The following column is the opinion and analysis of the writer:

It is abundantly clear that Americans are living in a country divided.

The recent election results, illustrated in many election maps used by the news media, mark our country in absolutes: blue and red with little or no nuance. President-elect Joseph Biden has many daunting tasks ahead of him, including reuniting a country torn by opinion and politics. Every one of us has responsibility to move beyond the polarization and fissures in our country now at the point of rupture, as if an earthquake has split our nation in half.

In his recent encyclical, Fratelli Tutti, Pope Francis offers some helpful guidance on how to move opposing forces to a new synthesis, a new level of understanding. In his document, Francis is calling the world to a new way of living. He cites the example of St. Francis of Assisi, who crossed over Crusader army lines at the siege of Damietta to meet Sultan Malik-el-Kamil in Egypt. His journey showed that overcoming barriers between peoples, cultures and religion was possible. That visit marked an effort to embrace everyone along the way, even people who thought, acted or felt differently than St. Francis did.

Pope Francis worries that leaders and the people of many areas of the world have lost the ability to sit down and listen to one another. Today we in the United States have become a deaf world uninterested or unable to hear what is in the heart of our own people, and in the hearts of other countries’ people. Clearly, there is a need for us to engage in dialogue in “relaxed conversation or in passionate debate.”

Much that is happening in the media and social networks involves parallel monologues that reinforce individual or group positions. Too often we all are dismissing those with another view as “deplorables” or “extremists,” and instead fail to see that the other views may have legitimate convictions and concerns that need to be heard and understood.

With Fratelli Tutti, published last month, the pope is calling us to a culture of dialogue and encounter to help us rise above our differences and divisions. He presents a principle that unity is greater than conflict — he addressed this in his presentation to the United States Congress during his Sept. 24, 2015, visit to the U.S. Francis knew of our political divisions at that time.
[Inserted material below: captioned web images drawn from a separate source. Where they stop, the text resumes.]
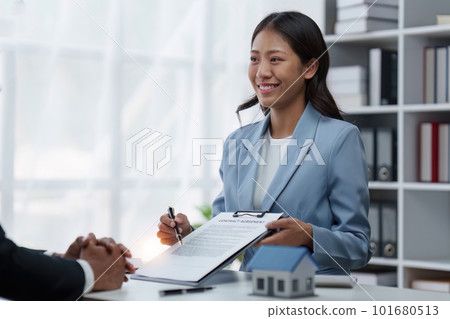 Close up Business people or Real Estate agent explain signing agreement for sale house to client. Property, Insurance, Broker concept Close up Business people or Real Estate agent explain signing agreement for sale house to client. Property, Insurance, Broker concept 101680513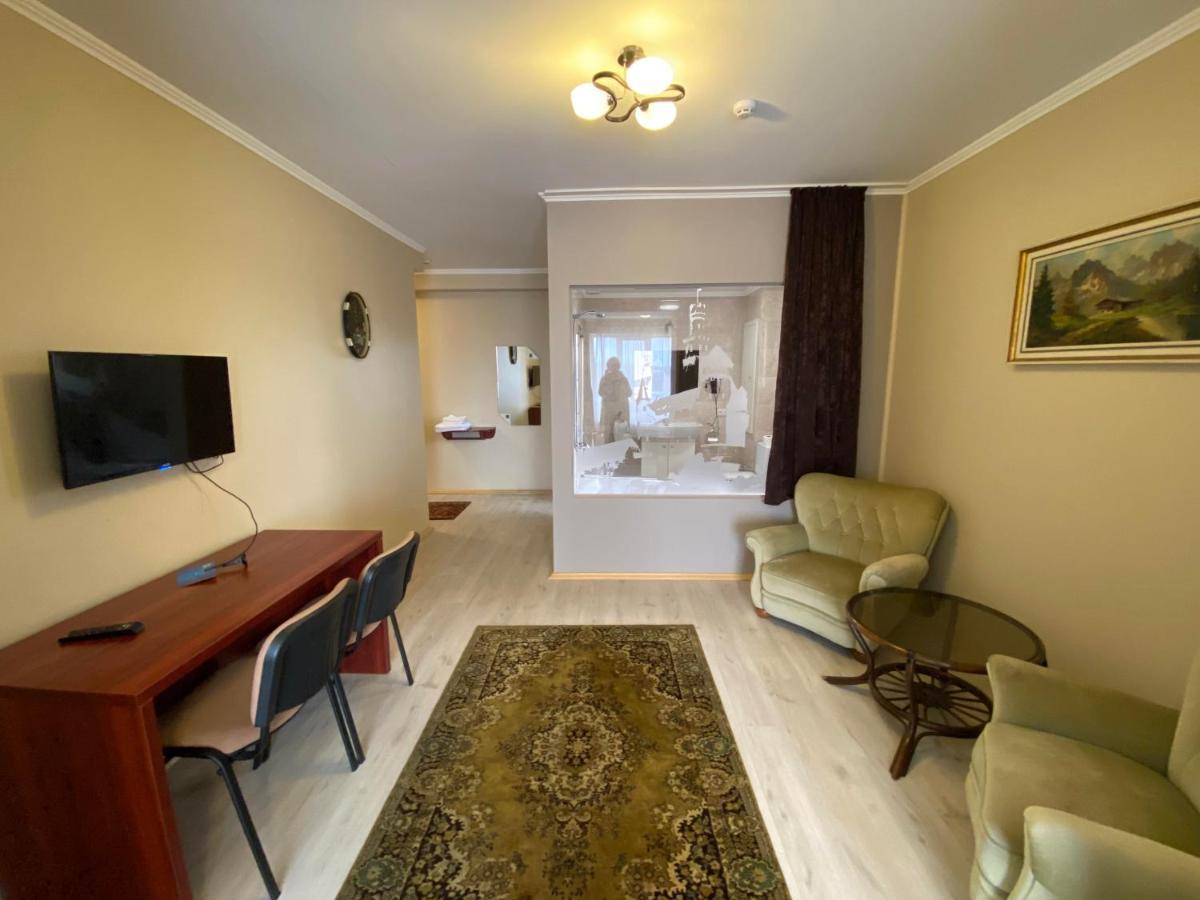 Autopark Hotel Lviv Dış mekan fotoğraf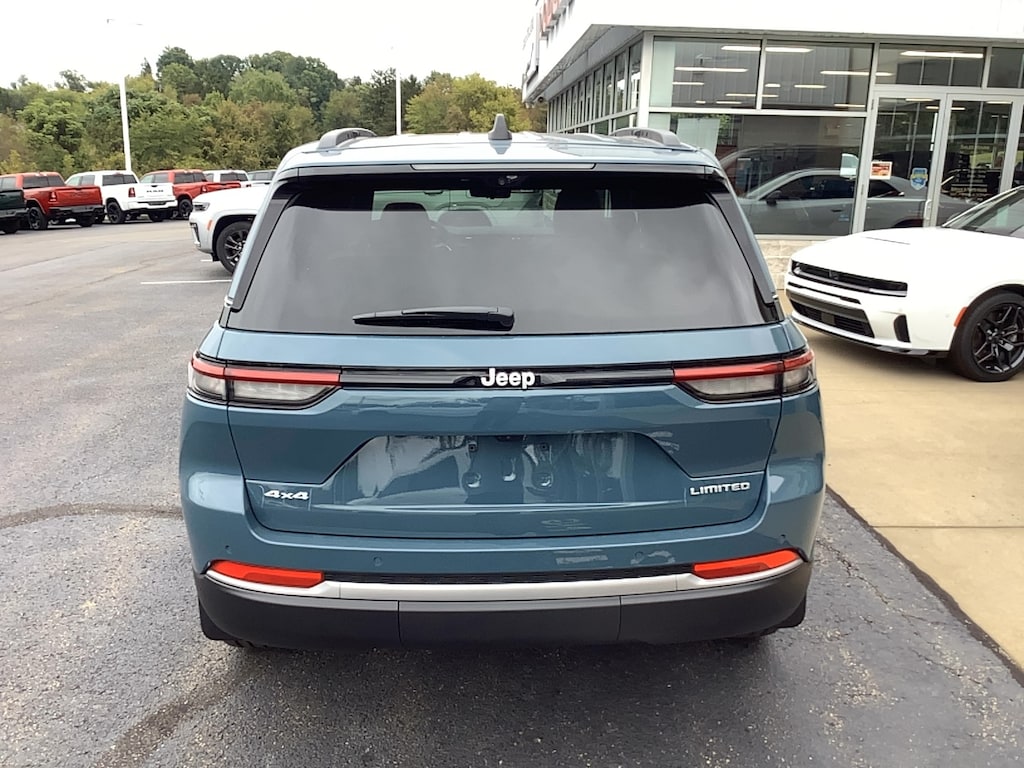 New 2027 Jeep Grand Cherokee LIMITED 4X4 Sport Utility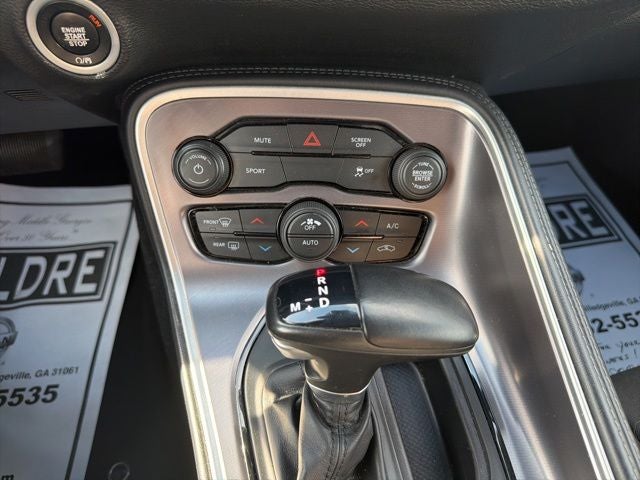 2021 Dodge Challenger SXT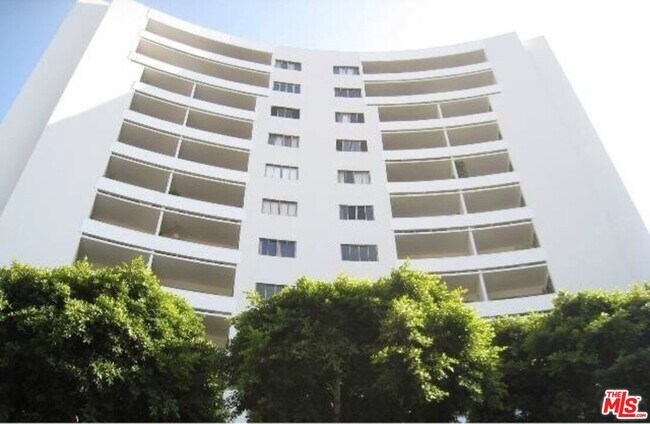 Building Photo - 7250 Franklin Ave Unit 901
In his encyclical, he writes of looking for unity, “This means not an absorption of one into the other but rather a resolution which takes place on a higher plane and preserves what is valid and useful on both sides.”
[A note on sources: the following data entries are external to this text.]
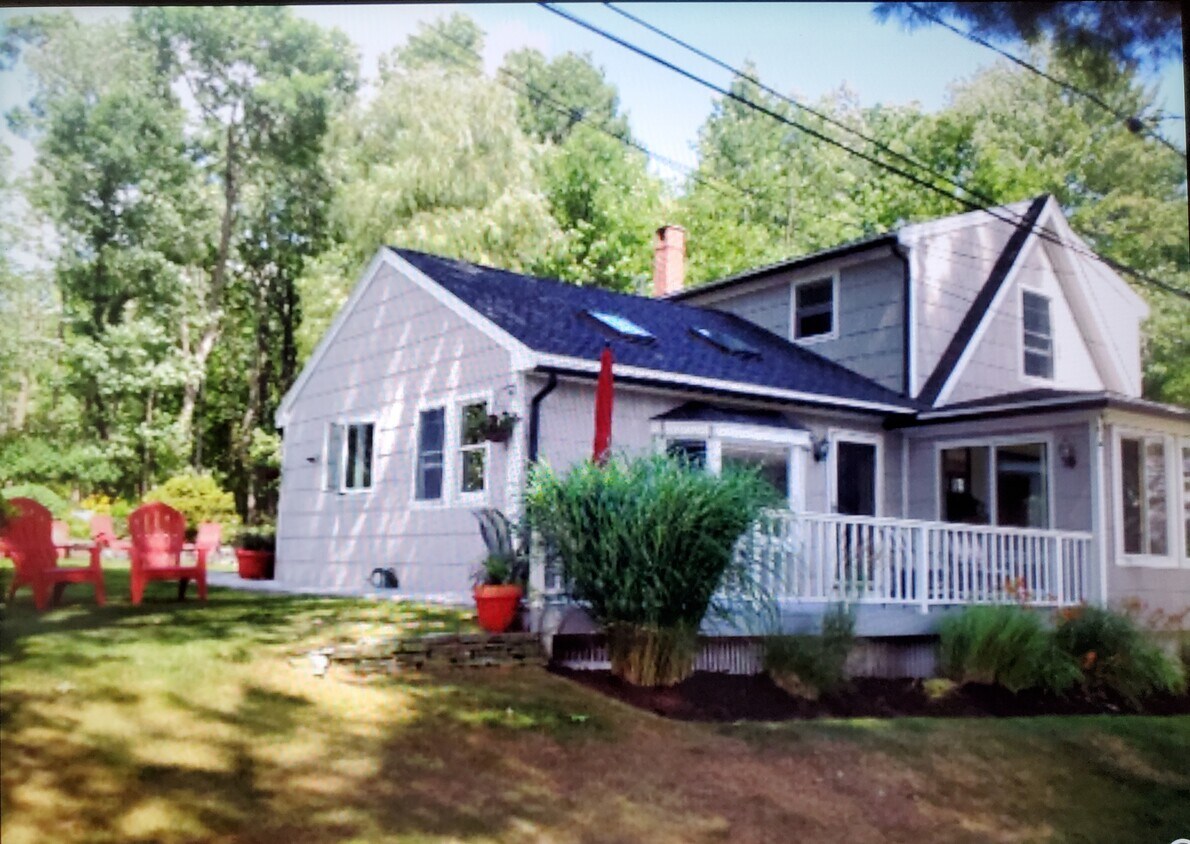 Front of home - 14 Prosperity Ln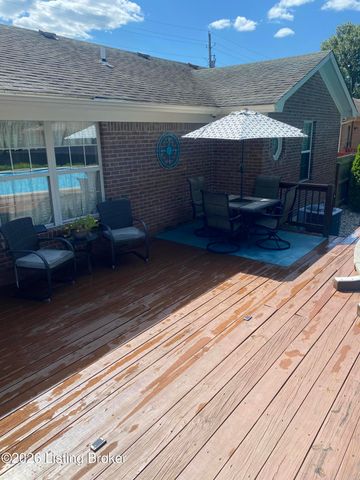 302 Bucky Burton Dr, Louisville, KY 40229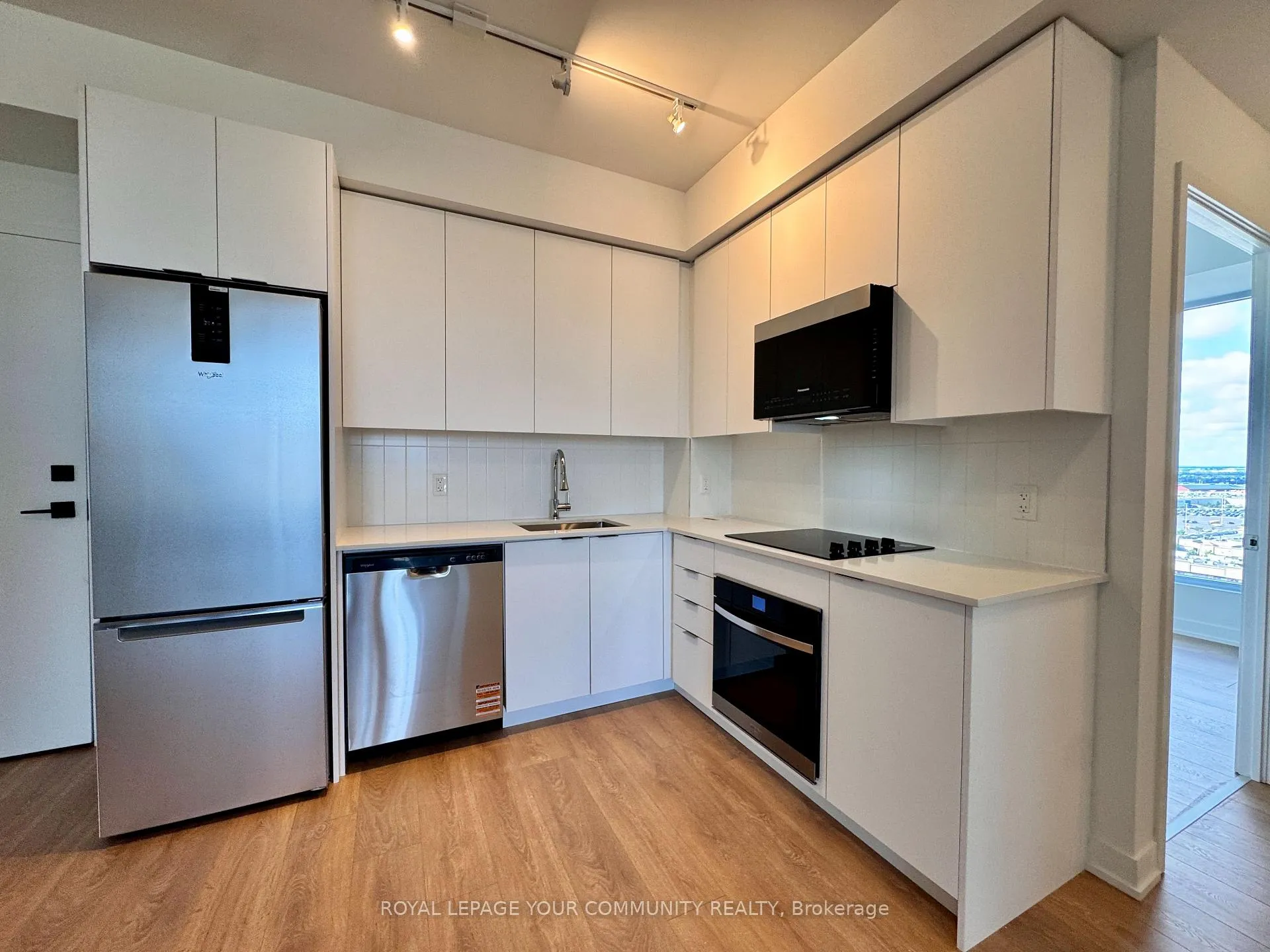 Photo 3 of Unit 1424, 498 Caldari Road, Vaughan, Concord — HOMEH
It is possible to build communion amid disagreement, but only “when great persons are willing to go beyond the surface of the conflict and see others in their deepest dignity.” (Evangelii Guadium, 227-228).

Today we are faced with real and deep political conflict, but through dialogue and encounter with one another we can arrive not at a compromise or syncretic solution, but an understanding that happens on a higher plane and that respects what is valid and useful on both sides.

In the months ahead we Americans need to listen and discuss with all that voted in the election to bring about conversion of hearts and reconciliation.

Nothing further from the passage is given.